Data Loading Utilities into Postgres Database¶
Let us understand how we can load the data into databases using utilities provided.
- Most of the databases provide data loading utilities.
- One of the most common way of getting data into database tables is by using data loading utilities provided by the underlying datatabase technology.
- We can load delimited files into database using these utilities.
- Here are the steps we can follow to load the delimited data into the table.
- Make sure files are available on the server from which we are trying to load.
- Ensure the database and table are created for the data to be loaded.
- Run relevant command to load the data into the table.
- Make sure to validate by running queries.
- Let us see a demo by loading a sample file into the table in Postgres database.
Loading Data¶
We can use COPY Command using psql
to copy the data into the table.
- Make sure database is created along with the user with right permissions. Also the user who want to use
COPY
command need to have pg_read_server_files role assigned. - Connect to the Postgres Database on pg.itversity.com as super user postgres and run relevant grant command to grant the permissions.
docker-compose exec pg.itversity.com psql -U postgres
- Run this command to grant the required permissions to run COPY Command to the user itversity_sms_user.
GRANT pg_read_server_files TO itversity_sms_user;
\q
- Connect to pg.itversity.com using bash and run
mkdir
command to create required folder or directory structure.
docker-compose exec pg.itversity.com mkdir -p /data/sms_db
docker-compose exec pg.itversity.com ls -ltr /data
- You can find users.csv file under data/sms_db as part of the repository directory data-engineering-spark. You just have to copy the file to pg.itversity.com under /data/sms_db. The file contain below data.
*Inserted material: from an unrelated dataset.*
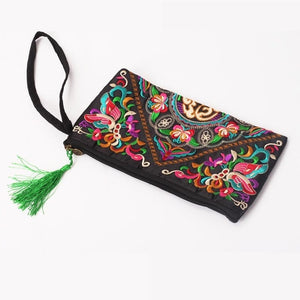 Women Ethnic National Retro Butterfly Flower Bags Handbag Coin Purse Embroidered Lady Clutch Tassel Small Flap Summer Bolsa Sale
user_first_name,user_last_name,user_email_id,user_role,created_dt
Gordan,Bradock,gbradock0@barnesandnoble.com,A,2020-01-10
Tobe,Lyness,tlyness1@paginegialle.it,U,2020-02-10
Addie,Mesias,amesias2@twitpic.com,U,2020-03-05
Corene,Kohrsen,ckohrsen3@buzzfeed.com,U,2020-04-15
Darill,Halsall,dhalsall4@intel.com,U,2020-10-10
- Copy users.csv into pg.itversity.com.
docker cp data/sms_db/users.csv data-engineering-spark-pg.itversity.com-1:/data/sms_db
docker-compose exec pg.itversity.com ls -ltr /data/sms_db
If you are using docker compose on AWS Cloud9 and if the docker cp
command is failing try below commands.
docker cp data/sms_db/users.csv data-engineering-spark_pg.itversity.com_1:/data/sms_db
docker-compose exec pg.itversity.com ls -ltr /data/sms_db
- Connect to Database.
docker-compose exec pg.itversity.com psql -U itversity_sms_user -d itversity_sms_db
- Create the
users
table.
CREATE TABLE users (
user_id SERIAL PRIMARY KEY,
user_first_name VARCHAR(30) NOT NULL,
user_last_name VARCHAR(30) NOT NULL,
user_email_id VARCHAR(50) NOT NULL,
user_email_validated BOOLEAN DEFAULT FALSE,
user_password VARCHAR(200),
user_role VARCHAR(1) NOT NULL DEFAULT 'U', --U and A
is_active BOOLEAN DEFAULT FALSE,
created_dt DATE DEFAULT CURRENT_DATE
);
- Use copy command to load the data
COPY users(user_first_name, user_last_name,
user_email_id, user_role, created_dt
) FROM '/data/sms_db/users.csv'
DELIMITER ','
CSV HEADER;
- Validate by running queries
SELECT * FROM users;